▸ TASK INSTRUCTIONS
Copy the listing exactly, images excluded.

━━━━━ GIVEN MATERIAL

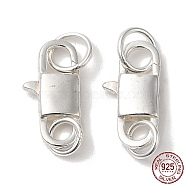 925 Sterling Silver Lobster Claw Clasps, Rectangle with 925 Stamp, Silver, 14.5x7x3mm(STER-D006-16S)
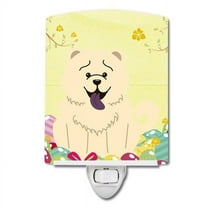 Caroline's Treasures BB6140CNL Easter Eggs Chow Chow White Ceramic Night Light, 6x4x3", multicolor
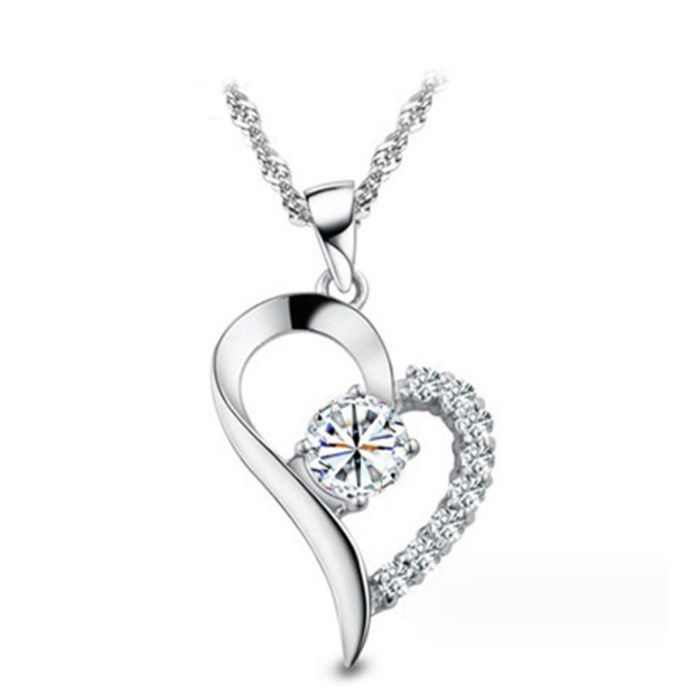 Collier Coeur Cristal Swarovski Elements Blanc Plaqué Or Blanc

━━━━━━━━━━

▸ SOLUTION BELOW
 925 Sterling Silver Lobster Claw Clasps, Rectangle with 925 Stamp, Silver, 14.5x7x3mm(STER-D006-16S)
 Caroline's Treasures BB6140CNL Easter Eggs Chow Chow White Ceramic Night Light, 6x4x3", multicolor
 Collier Coeur Cristal Swarovski Elements Blanc Plaqué Or Blanc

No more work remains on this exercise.